Your assignment -
Once you find the line with "Diatonic scale on key Gb for Piano" in the data below, transcribe exactly each line from there to the line with "DNF 手游，那些令人惊艳的 BOSS 名字大赏", inclusive, and nothing else. Drop the pictures.
(Beginning of Material for this exercise)
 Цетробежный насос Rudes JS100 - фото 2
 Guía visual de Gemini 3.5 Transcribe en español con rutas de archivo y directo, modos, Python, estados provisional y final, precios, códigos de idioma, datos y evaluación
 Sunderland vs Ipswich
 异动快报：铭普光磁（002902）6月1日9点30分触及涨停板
(End of Material for this exercise)
(Beginning of Material for this exercise)
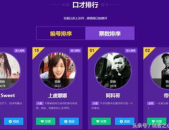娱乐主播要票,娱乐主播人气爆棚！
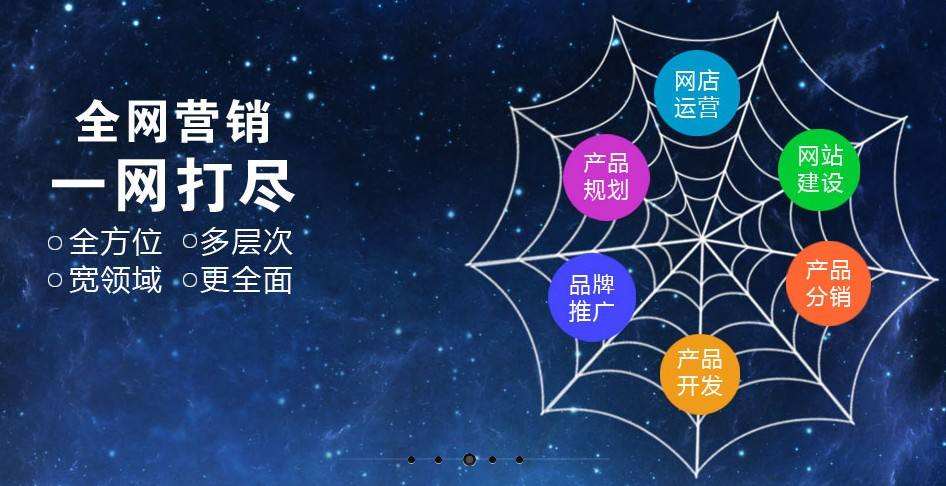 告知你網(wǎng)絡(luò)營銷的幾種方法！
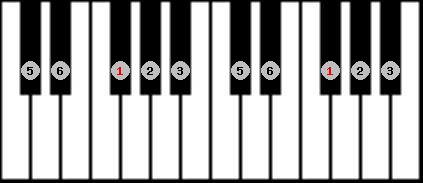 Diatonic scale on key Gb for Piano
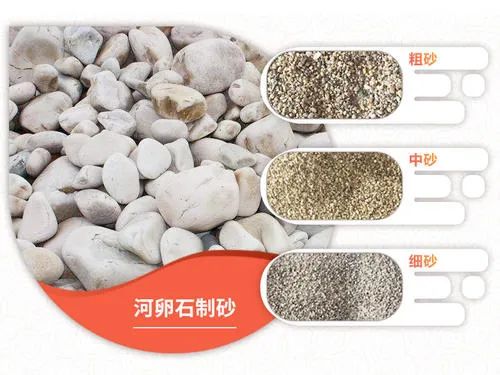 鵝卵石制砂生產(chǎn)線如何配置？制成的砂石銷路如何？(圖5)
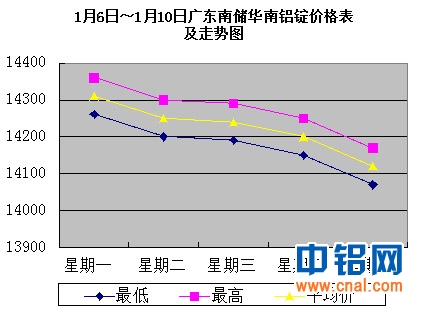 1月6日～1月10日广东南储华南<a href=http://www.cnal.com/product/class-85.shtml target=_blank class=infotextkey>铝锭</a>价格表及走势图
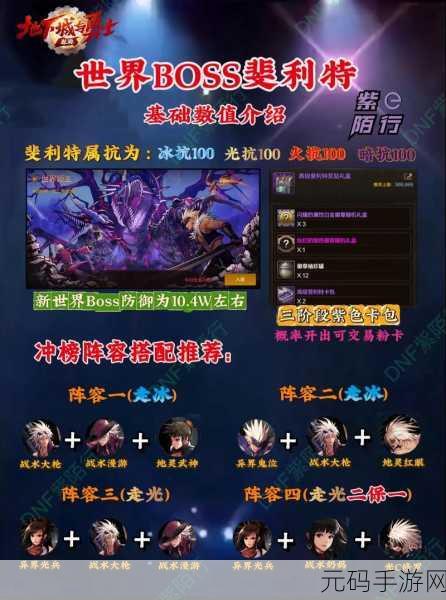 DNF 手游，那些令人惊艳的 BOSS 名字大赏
(End of Material for this exercise)
Response below -
 Diatonic scale on key Gb for Piano
 鵝卵石制砂生產(chǎn)線如何配置？制成的砂石銷路如何？(圖5)
 1月6日～1月10日广东南储华南<a href=http://www.cnal.com/product/class-85.shtml target=_blank class=infotextkey>铝锭</a>价格表及走势图
 DNF 手游，那些令人惊艳的 BOSS 名字大赏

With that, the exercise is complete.